- **Records provided**
..........
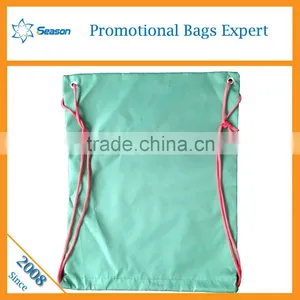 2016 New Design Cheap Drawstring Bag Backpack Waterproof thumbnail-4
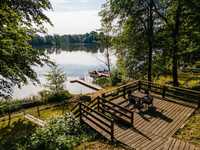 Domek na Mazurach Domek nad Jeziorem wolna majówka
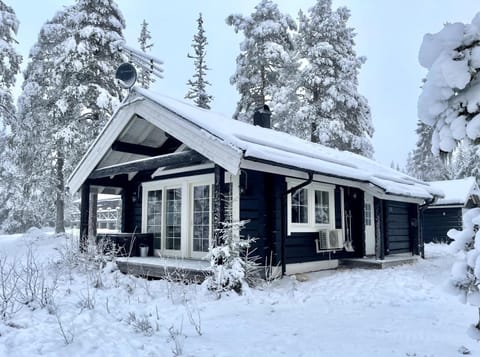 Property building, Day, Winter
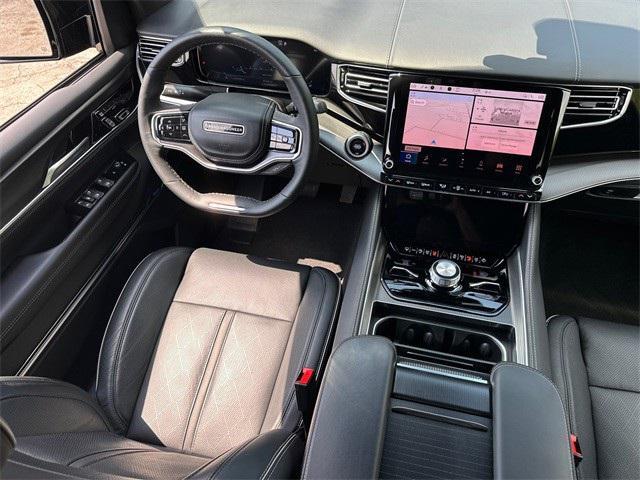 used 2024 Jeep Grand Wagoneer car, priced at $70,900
..........
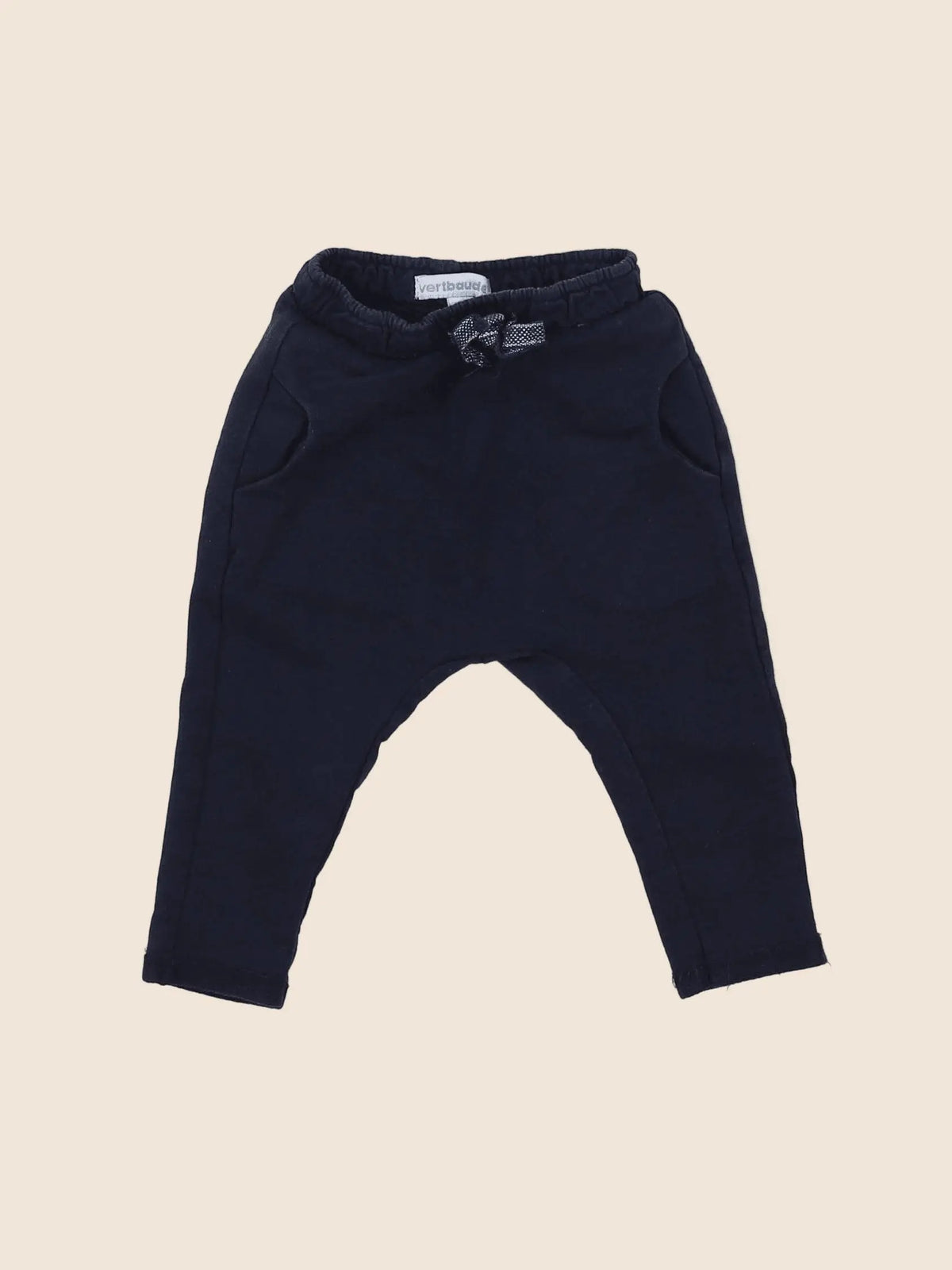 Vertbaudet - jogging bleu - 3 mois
..........
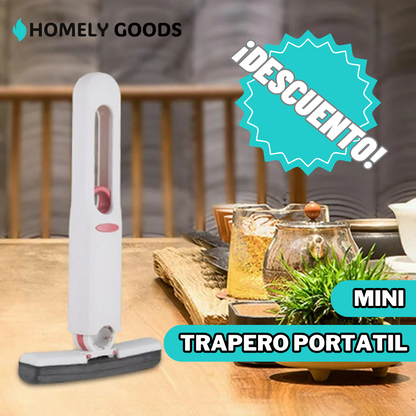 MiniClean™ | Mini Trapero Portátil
..........
- **Exercise brief**
Find where the line with "2016 New Design" sits in the material above and where the line with "used 2024 Jeep" sits. Set down exactly the lines from the first to the second, both included and nothing else, without pictures.

- **Answer to the problem**
 2016 New Design Cheap Drawstring Bag Backpack Waterproof thumbnail-4
 Domek na Mazurach Domek nad Jeziorem wolna majówka
 Property building, Day, Winter
 used 2024 Jeep Grand Wagoneer car, priced at $70,900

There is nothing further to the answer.